Where do your clothes comes from?

a garment factory

“The world’s first Trillionaire will be someone in climate change”. This is from a very interesting podcast on The Knowledge Project with Chamath Palihapitiya, which covers a wide range of topics. Climate change is a big problem, but most people, including myself, just aren’t educated enough to understand the gravity of the situation we’re in. We don’t see the effects of it on our daily life and mistake the absence of obvious evidence to the non-existance of evidence and carry on with our lives. I’ve heard of the term carbon neutral but never have I paused to think “Do I live a carbon neutral life?” I try and do my part — avoid plastic, take public transport — but truth be told, I have no clue how much of a carbon footprint I’m creating based on my lifestyle and thus have no measure if I want to reduce it.

While I worked in the fashion industry, sustainability was growing to become a big theme. Fashion is the second most pollution industry on the planet and the growth of fast fashion in the last decade has lead to an explosion of production. Clothes have been getting cheaper and cheaper and people have been buying more and more. Unfortunately, it’s the environment who is bearing the cost of this growth in consumption. This isn’t news for most people and while we all agree that we must reduce pollution, we don’t seem to be doing enough.

After attending a few industry conferences, it was quite clear that while everyone cares about sustainability, very few have managed to find a solution. At the core of it all, the most common problem was that in order to be more sustainable, cost of products would increase and consumers did not want to pay for it.

An Economic Problem

Let’s now look at brands. I’d argue that most brands want to be more sustainable because it’s actually good for business. No brand would endorse or even want to deal with factory workers slipping in notes with pleas for help. However, here too, based on my conversations with brands, consumers are not willing to pay more for sustainable clothing. There are many new age brands which are built on sustainability (their product are more expensive) and I feel that while they struggle to acquire customers, once they find their audience, they do well. But it is the brands who have been around for a while, who face the bigger problem. They are struggling to move their customer base from a cheaper non-sustainable option to a more expensive but sustainable option. Further more, fashion is a highly competitive market and there’s always downward pressure on prices. This is translated to the pressure for lower cost of manufacturing and everything which follows

Finally let’s look at us, consumers. Yes, we care about the environment, but unfortunately this is not reflected in our purchasing decisions.
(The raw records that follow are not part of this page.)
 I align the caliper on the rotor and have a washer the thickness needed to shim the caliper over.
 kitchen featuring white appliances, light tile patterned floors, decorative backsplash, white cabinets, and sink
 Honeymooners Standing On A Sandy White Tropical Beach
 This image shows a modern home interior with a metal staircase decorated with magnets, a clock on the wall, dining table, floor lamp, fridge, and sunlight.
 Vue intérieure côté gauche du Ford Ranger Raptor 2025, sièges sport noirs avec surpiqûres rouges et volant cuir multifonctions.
We still prefer to buy cheaper clothes as compared to more expensive ones. While this is a problem, in my opinion, it’s not the consumers fault, but the brands. They fail to differentiate sustainable and non-sustainable products effectively as a result, do not give the consumer enough of a reason to switch. By creating a new product category with higher perceived value, brands might be able to get consumers to pay more for sustainable clothing, the benefits of which would move up the supply chain.

How to we decide what clothes to buy?

How could you show sustainable?

Many people argue that such content is “green washing” and merely a PR gimic used by brands. I don’t completely agree. While it can be used that way, the bigger problem is that most consumers don’t have a clue about how or where their clothes are being made and thus are unable to visualise the problems they themselves are creating by refusing to pay more for sustainable clothing. Most brands argue that lack of consumer awareness towards sustainability is one of the biggest drivers of low adoption, and I believe them. I buy a lot of my products from Nike, and I’ve visited one of their factories (and it was great!), most of their consumers don’t see this!

Now, executing this is very hard. As a fashion company, your brand image is very important and anything off-brand could have a serious impact. Also, you don’t want to end up like most charities and NGOs who slap on sad pictures of people to create a sense of pity and get donations. Content needs to be generated with the goal of increasing awareness and transparency and not with the goal of guilting people into buying products. These videos, like the Everlane factory page, should NOT have a call to action for consumer to buy products.

Brands are not the only one responsible for this. Factories and Mills who are spending hundreds of thousands of dollars to become more efficient ad sustainable need to do a better job at telling the world this and video can be a great format to reach millions. By being more transparent on the efforts they are taking, it’s likely they will get more business. Factories, like the one below, have been investing in technology and they use videos to market themselves as a supplier of choice.

As consumer, I feel we should demand that the brands we buy from invest in showing us where our products are made. Creating a video and putting it up on youtube is very cheap and all brands could easily do it. For some reason, most have not invested in this.